Task 5: Load traks into IGV
For Cerebrum_rep1 sample, download and load the following files in IGV:
Peak Files:
- MACS3 NF peaks:
results/03_peak_calling/NF_peaks/NF_peaks_Cerebrum_rep1/Cerebrum_rep1_NF_peaks.narrowPeak - MACS3 all peaks:
results/03_peak_calling/all_peaks/all_peaks_Cerebrum_rep1/Cerebrum_rep1_all_peaks.narrowPeak - HMMRATAC peaks:
results/03_peak_calling/hmmratac_peaks/hmmratac_peaks_Cerebrum_rep1/Cerebrum_rep1_hmmratac_accessible_regions.narrowPeak(if you completed the bonus task, if you didn’t and you are curious, you will find the files in/data/Solutions/)

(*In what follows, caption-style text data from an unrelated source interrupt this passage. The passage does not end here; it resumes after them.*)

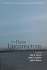 The New Unconscious (Social Cognition and Social Neuroscience)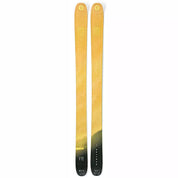 Blizzard Rustler 11 2025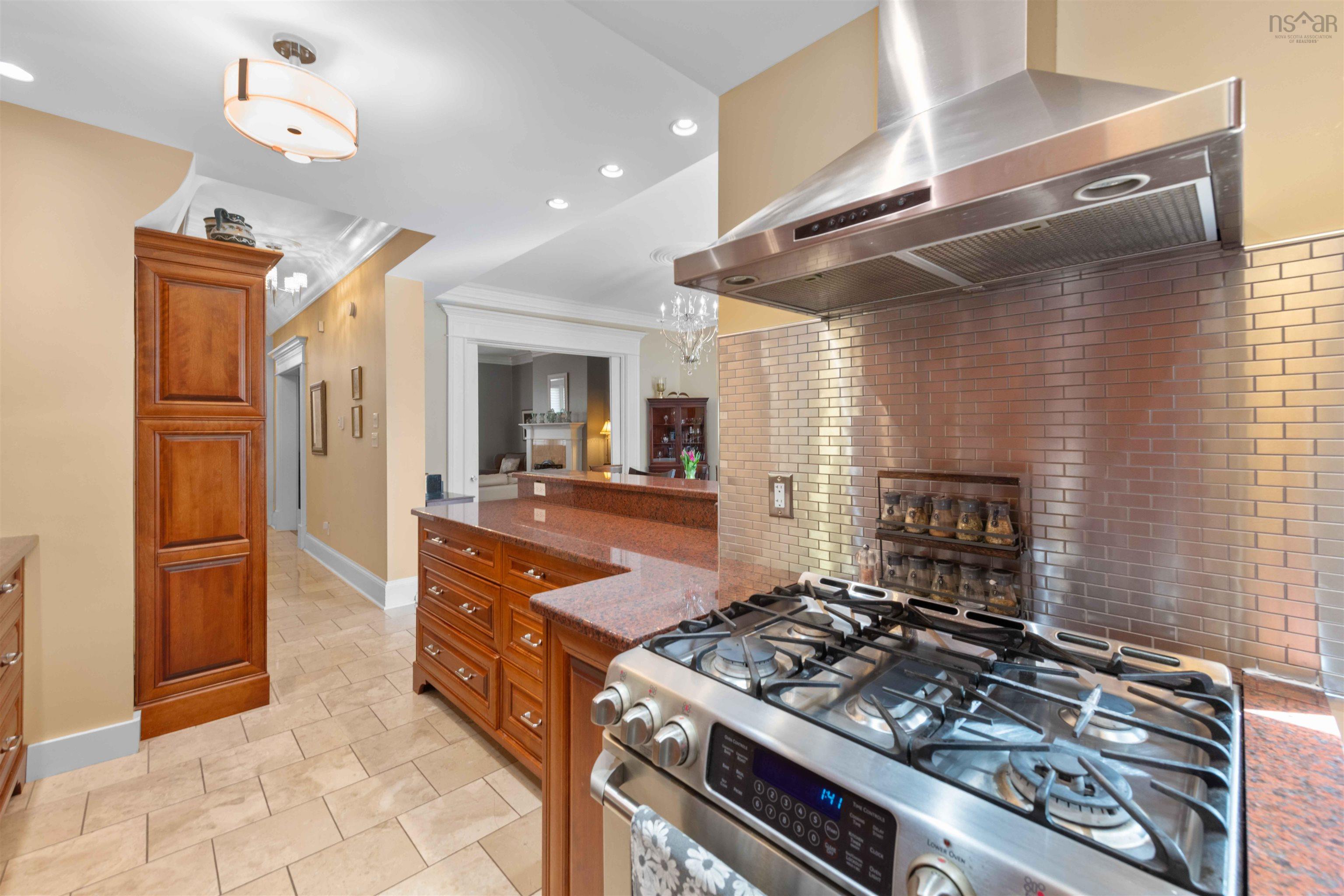 $2,400,000.00: 1056 & 1060 Bland Street, South End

BAM Files for Read Coverage:
- All fragments BAM:
results/01_filtered_bams/Cerebrum_rep1.qc_bl_filt.sorted.bam - Nucleosome-free fragments BAM:
results/01_filtered_bams/NF_bams/Cerebrum_rep1_NF.sorted.bam
Task 6: Compare results
- Do you observe big differences between methods?
- Which method would work better to study TF binding sites? and for DA analysis?
- Can you find an example of a gene where the nucleosomal pattern at TSS can be percieved?